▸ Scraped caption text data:
Content starts

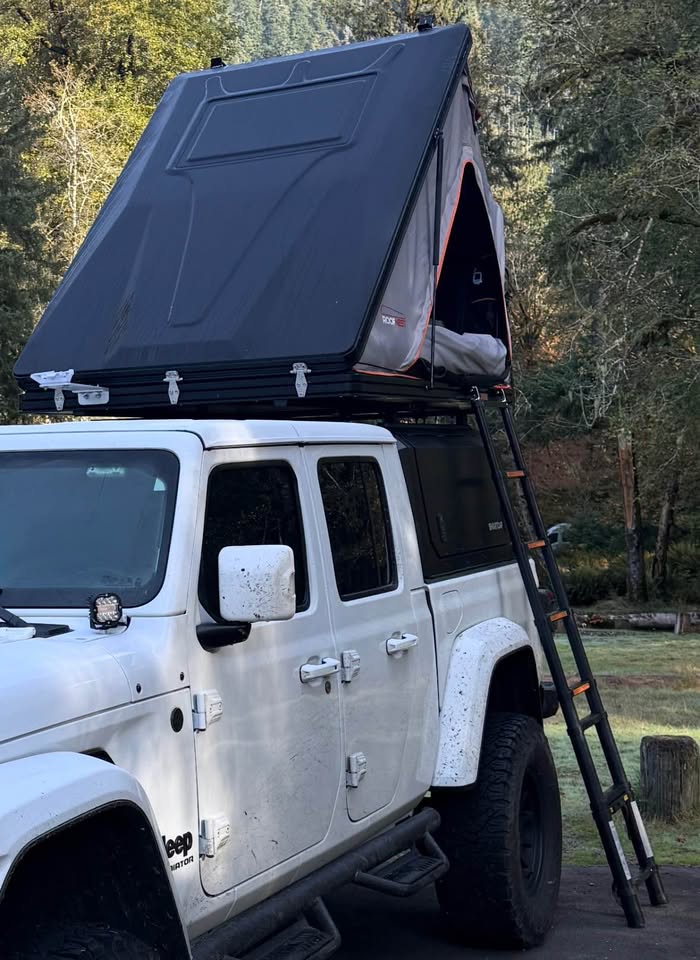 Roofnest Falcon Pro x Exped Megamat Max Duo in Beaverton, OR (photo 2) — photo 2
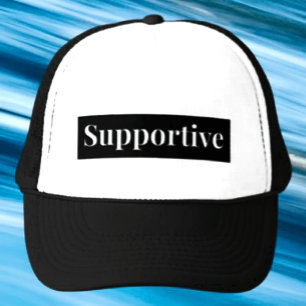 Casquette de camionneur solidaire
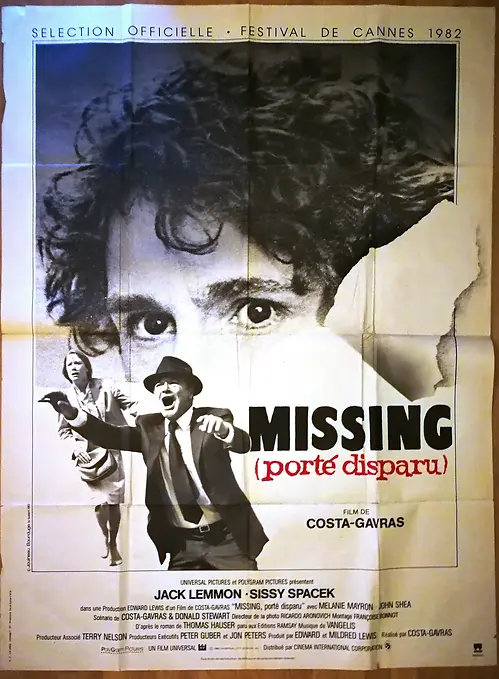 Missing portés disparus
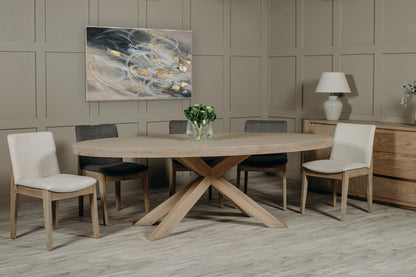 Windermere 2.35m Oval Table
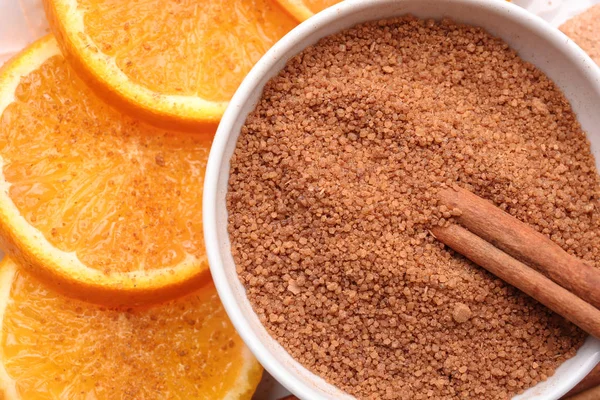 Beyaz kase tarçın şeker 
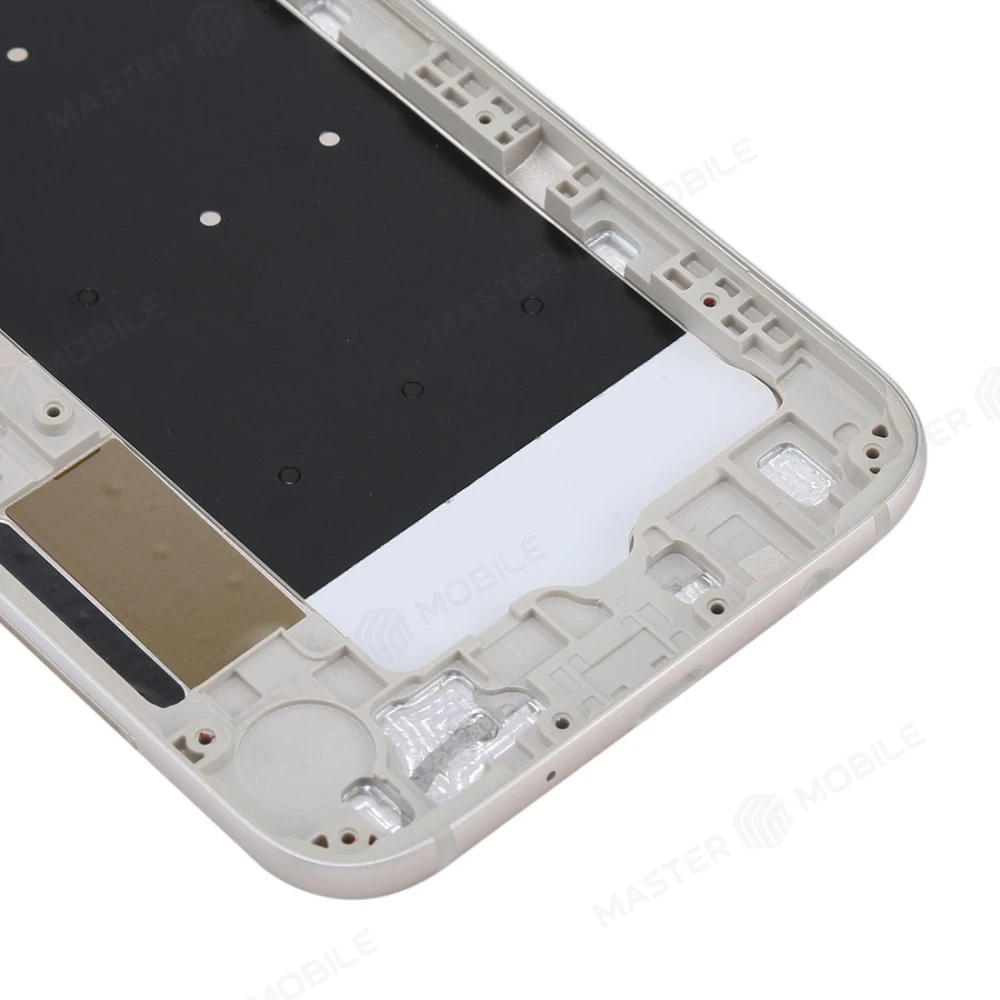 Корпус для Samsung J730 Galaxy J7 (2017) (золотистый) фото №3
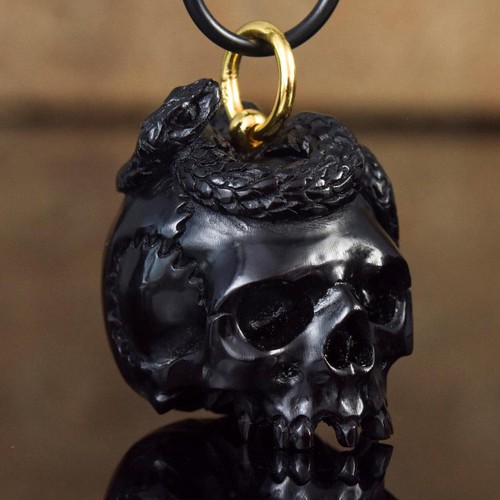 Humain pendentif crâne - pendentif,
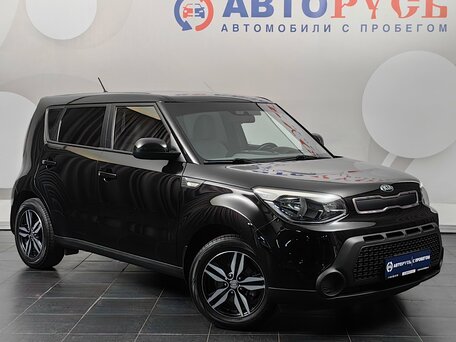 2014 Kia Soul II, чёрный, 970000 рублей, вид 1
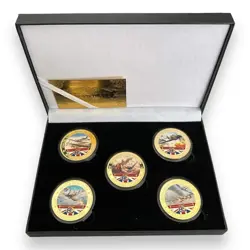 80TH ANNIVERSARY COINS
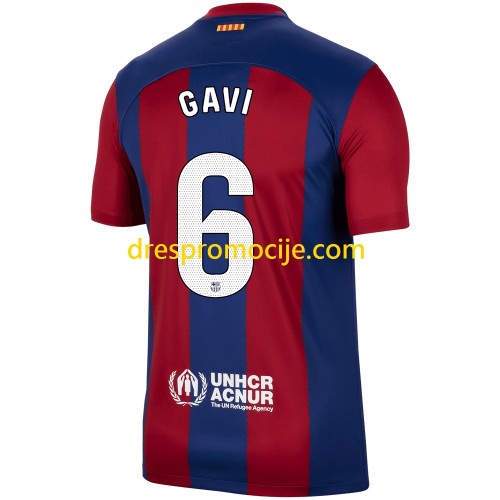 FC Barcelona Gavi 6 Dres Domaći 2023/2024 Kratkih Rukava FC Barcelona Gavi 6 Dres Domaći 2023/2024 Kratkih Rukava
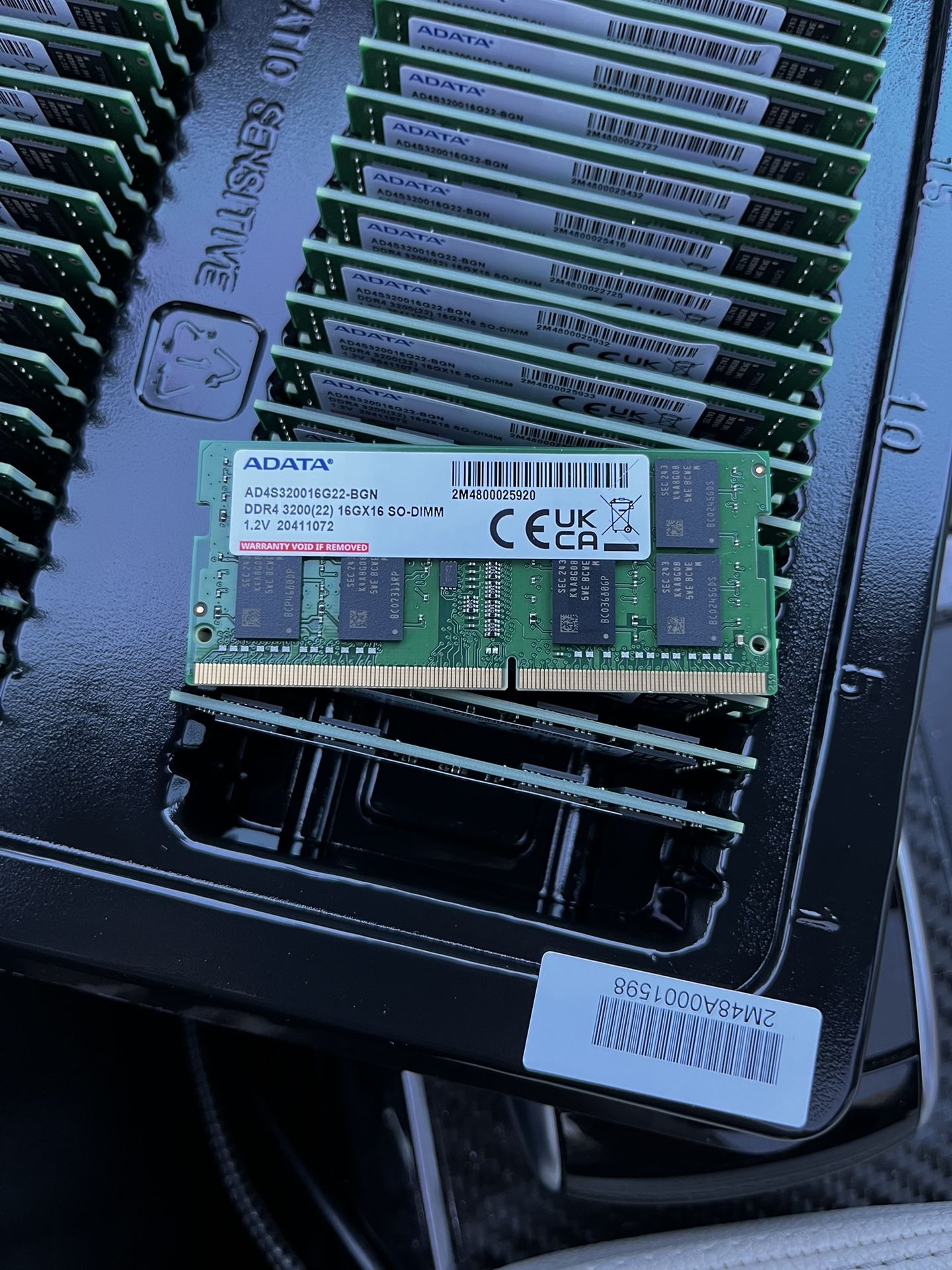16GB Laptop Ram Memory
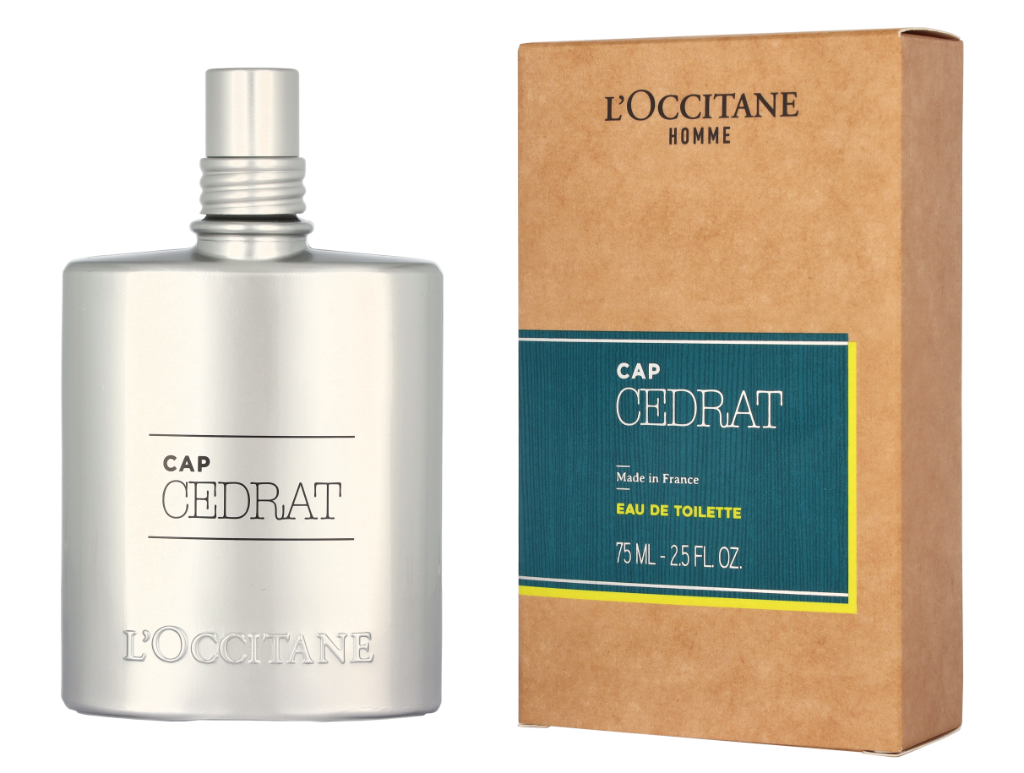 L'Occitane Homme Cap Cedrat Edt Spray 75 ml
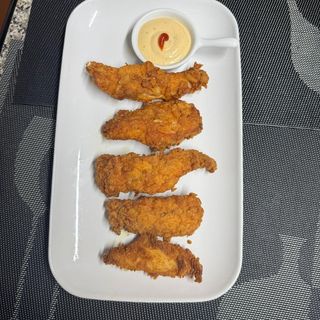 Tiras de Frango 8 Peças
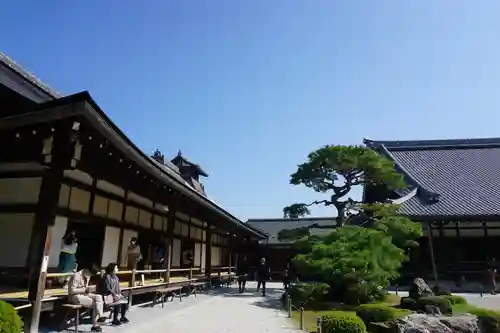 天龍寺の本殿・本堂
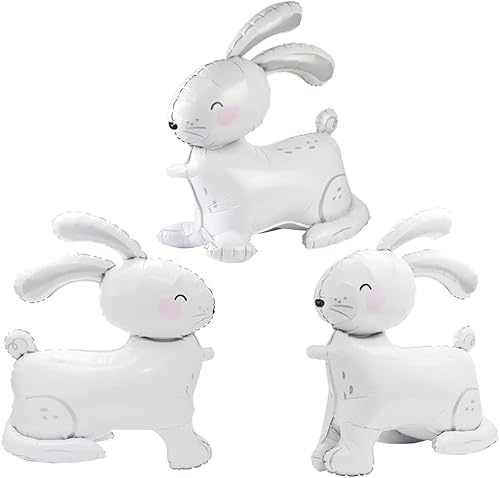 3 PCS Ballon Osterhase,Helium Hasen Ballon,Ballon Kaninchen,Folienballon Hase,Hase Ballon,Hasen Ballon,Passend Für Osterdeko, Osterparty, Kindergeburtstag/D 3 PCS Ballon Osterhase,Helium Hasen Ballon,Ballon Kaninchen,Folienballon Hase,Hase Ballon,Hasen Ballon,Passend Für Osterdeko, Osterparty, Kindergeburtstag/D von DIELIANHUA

Content ends

▸ What this task involves: The job here is to write out the records exactly, pictures excluded.

▸ Your response:
 Roofnest Falcon Pro x Exped Megamat Max Duo in Beaverton, OR (photo 2) — photo 2
 Casquette de camionneur solidaire
 Missing portés disparus
 Windermere 2.35m Oval Table
 Beyaz kase tarçın şeker 
 Корпус для Samsung J730 Galaxy J7 (2017) (золотистый) фото №3
 Humain pendentif crâne - pendentif,
 2014 Kia Soul II, чёрный, 970000 рублей, вид 1
 80TH ANNIVERSARY COINS
 FC Barcelona Gavi 6 Dres Domaći 2023/2024 Kratkih Rukava FC Barcelona Gavi 6 Dres Domaći 2023/2024 Kratkih Rukava
16GB Laptop Ram Memory
 L'Occitane Homme Cap Cedrat Edt Spray 75 ml
 Tiras de Frango 8 Peças
 天龍寺の本殿・本堂
 3 PCS Ballon Osterhase,Helium Hasen Ballon,Ballon Kaninchen,Folienballon Hase,Hase Ballon,Hasen Ballon,Passend Für Osterdeko, Osterparty, Kindergeburtstag/D 3 PCS Ballon Osterhase,Helium Hasen Ballon,Ballon Kaninchen,Folienballon Hase,Hase Ballon,Hasen Ballon,Passend Für Osterdeko, Osterparty, Kindergeburtstag/D von DIELIANHUA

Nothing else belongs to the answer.